Step 2: Create a Training Datasource - Amazon Machine Learning

We are no longer updating the Amazon Machine Learning service or accepting new users for it. This documentation is available for existing users, but we are no longer updating it. For more information, see What is Amazon Machine Learning.

Step 2: Create a Training Datasource

After you upload the banking.csv dataset to your Amazon Simple Storage Service (Amazon S3) location, you use it to create a training datasource. A datasource is an Amazon Machine Learning (Amazon ML) object that contains the location of your input data and important metadata about your input data. Amazon ML uses the datasource for operations like ML model training and evaluation.

To create a datasource, provide the following:

  • The Amazon S3 location of your data and permission to access the data

  • The schema, which includes the names of the attributes in the data and the type of each attribute (Numeric, Text, Categorical, or Binary)

  • The name of the attribute that contains the answer that you want Amazon ML to learn to predict, the target attribute

Note

The datasource doesn't actually store your data, it only references it. Avoid moving or changing the files stored in Amazon S3. If you do move or change them, Amazon ML can't access them to create an ML model, generate evaluations, or generate predictions.

To create the training datasource
  1. Open the Amazon Machine Learning console at https://console.aws.amazon.com/machinelearning/.

  2. Choose Get started.

    Note

    This tutorial assumes that this is your first time using Amazon ML. If you have used Amazon ML before, you can use the Create new... drop down list on the Amazon ML dashboard to create a new datasource.

  3. On the Get started with Amazon Machine Learning page, choose Launch.

  4. On the Input Data page, for Where is your data located?, make sure that S3 is selected.

  5. For S3 Location, type the full location of the banking.csv file from Step 1: Prepare Your Data.
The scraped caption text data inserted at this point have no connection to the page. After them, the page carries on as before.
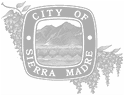 Logo of the City of Sierra Madre featuring a mountainous landscape and decorative elements.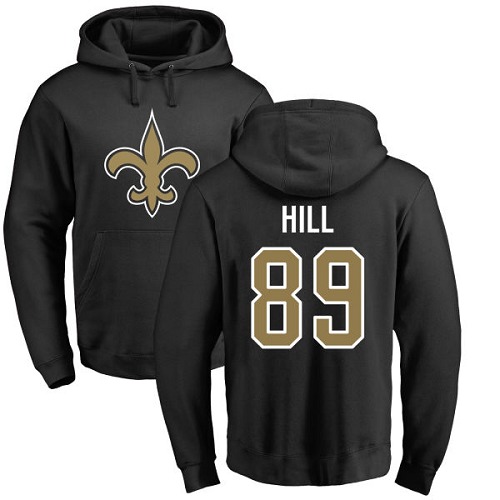 Men New Orleans Saints Black Josh Hill Name and Number Logo NFL Football #89 Pullover Hoodie Sweatshirts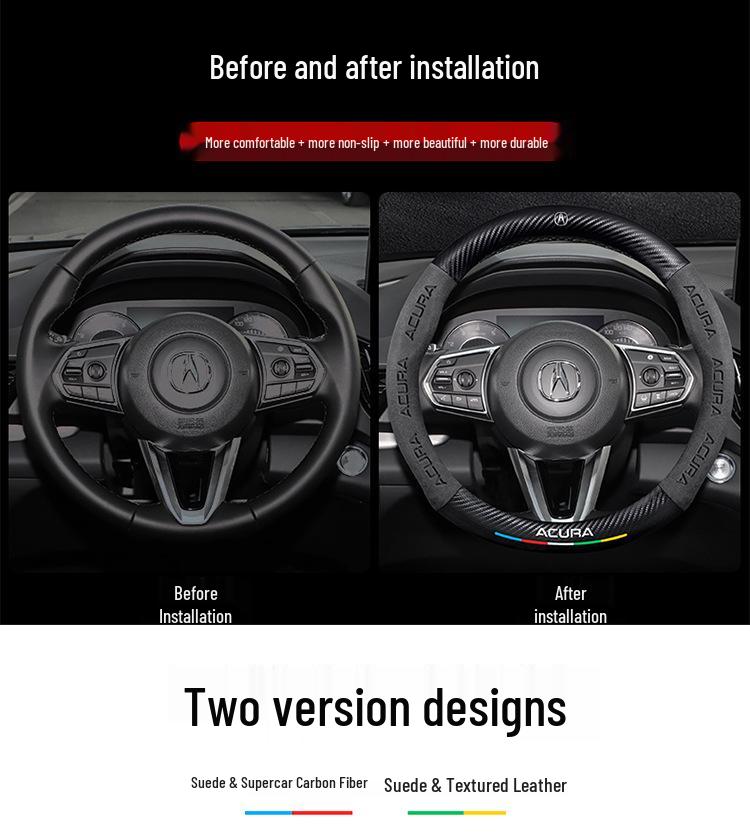 Genuine Leather Carbon Fiber Steering Wheel Cover for Acura - Non-Slip & Breathable, Universal Fit for All Seasons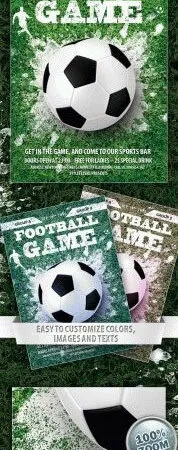Modern Lawn Soccer Football Match Flyer Template 1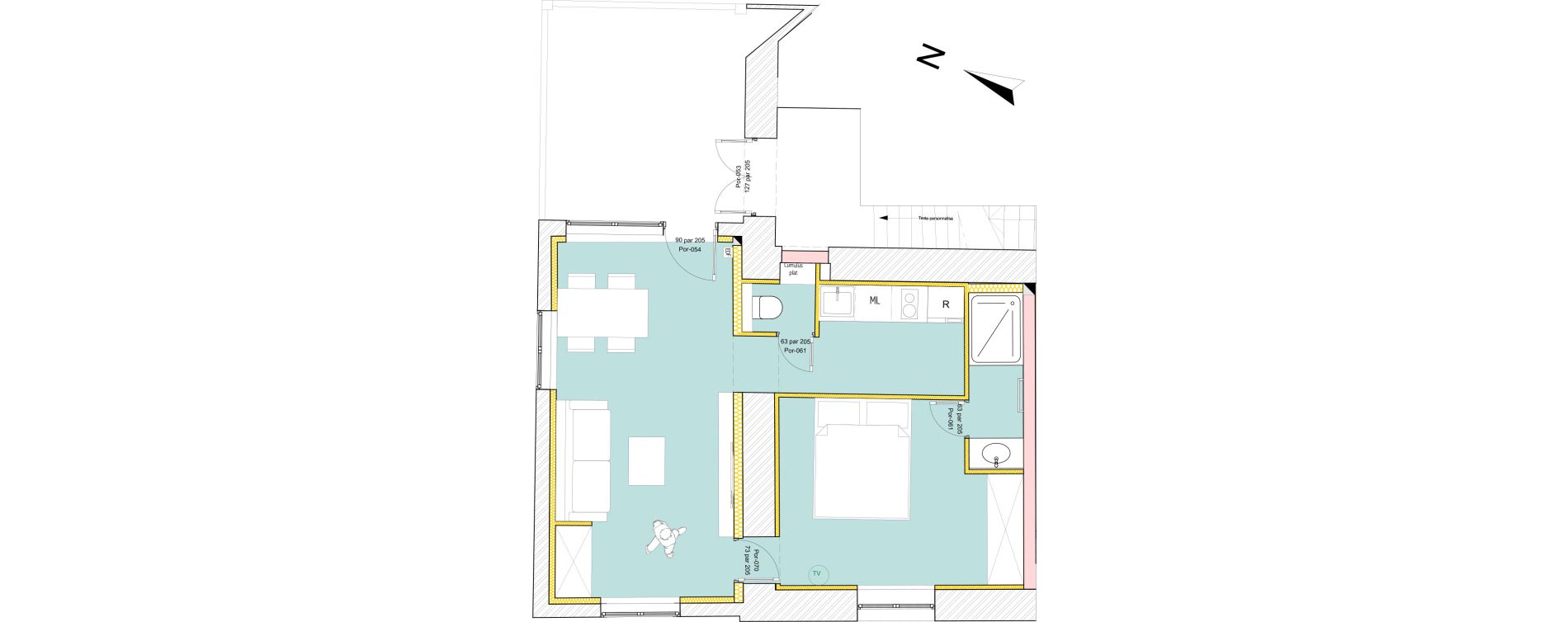 Appartement T2 de 37,16 m2 à Écully Le pérollier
For example: your-bucket/banking.csv. Amazon ML prepends s3:// to your bucket name for you.

  6. For Datasource name, type Banking Data 1.

  7. Choose Verify.

  8. In the S3 permissions dialog box, choose Yes.

  9. If Amazon ML can access and read the data file at the S3 location, you will see a page similar to the following. Review the properties, and then choose Continue.

Next, you establish a schema. A schema is the information Amazon ML needs to interpret the input data for an ML model, including attribute names and their assigned data types, and the names of special attributes. There are two ways to provide Amazon ML with a schema:

  • Provide a separate schema file when you upload your Amazon S3 data.

  • Allow Amazon ML to infer the attribute types and create a schema for you.

In this tutorial, we'll ask Amazon ML to infer the schema.

For information about creating a separate schema file, see Creating a Data Schema for Amazon ML.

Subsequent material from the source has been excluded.